How Camelot compares to other tools#

This page compares Camelot to the most common open-source PDF table-extraction libraries you’re likely to evaluate alongside it. The goal isn’t to claim Camelot is best for every PDF — different tools win on different inputs — it’s to help you pick the right tool for your corpus quickly.

If you’ve already used one of the libraries below, the per-tool sections name the failure modes that drove Camelot’s design choices, plus the kwargs you can reach for when Camelot’s defaults don’t fit your PDFs.

Note

This page was ported from the old GitHub wiki in 2026 and refreshed against current releases. Each per-tool section ends with a Last verified: YYYY-MM-DD footer — please open an issue if you find an entry has drifted out of date.

At a glance#

Click any column header to sort. The Camelot column is highlighted; ✓ means “supported out of the box”, ✗ “not supported”, ◐ “partial / workaround required”.

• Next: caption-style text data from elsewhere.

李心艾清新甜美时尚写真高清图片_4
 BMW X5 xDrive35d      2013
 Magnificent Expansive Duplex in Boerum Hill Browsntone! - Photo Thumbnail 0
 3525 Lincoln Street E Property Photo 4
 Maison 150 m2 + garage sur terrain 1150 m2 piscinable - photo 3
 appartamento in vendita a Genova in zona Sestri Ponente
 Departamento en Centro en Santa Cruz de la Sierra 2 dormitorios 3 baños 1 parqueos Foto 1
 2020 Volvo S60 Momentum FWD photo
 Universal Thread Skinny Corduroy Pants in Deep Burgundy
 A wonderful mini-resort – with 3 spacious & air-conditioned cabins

Capability Camelot Tabula pdfplumber PyMuPDF gmft unstructured.io tablers
License MIT MIT MIT AGPL / commercial MIT Apache 2.0 MIT
Runtime pure Python Java + wrapper pure Python C binding PyTorch model Python + plugins Rust + Python
Ruled-grid tables
Borderless / whitespace tables
Per-page kwarg overrides
Scanned PDFs (no text layer)
Neural / model-based structure
Confidence score per table
In-memory bytes / file-like input
Multi-page table stitching
Heavy native deps opencv-headless, pdfium JRE none mupdf (vendored) PyTorch (+ GPU) varies none (Rust/pdfium bundled)

Side-by-side example#

Picking a representative case — agstat.pdf, a ruled multi-row-header table from a US Department of Agriculture report — Camelot and Tabula both detect the table area, but Camelot picks up the merged-header row correctly without manual hinting:

../_images/agstat-table-detection-camelot.png

Camelot flavor='lattice', default kwargs.#

../_images/agstat-table-detection-tabula.png

Tabula auto-detect with the same PDF.#

For a quick view of how each tool’s CSV output differs on the same PDF, the docs/benchmark/ directory has per-tool CSVs alongside the source PDF for a dozen test cases (lattice + stream).

Tabula#

Tabula is the most direct peer to Camelot — Camelot’s flavor='lattice' / 'stream' naming is in fact borrowed from Tabula. Tabula ships as a Java library plus a Python wrapper (tabula-py); the JVM dependency is the biggest difference for deployment.

  • When Tabula wins. Auto-detection of stream-flavor tables is generally stronger than Camelot’s stream parser — though Camelot’s network and hybrid flavors (added in 1.0) close most of the gap on borderless tables. Tabula’s interactive web UI for manually marking table regions is also unique.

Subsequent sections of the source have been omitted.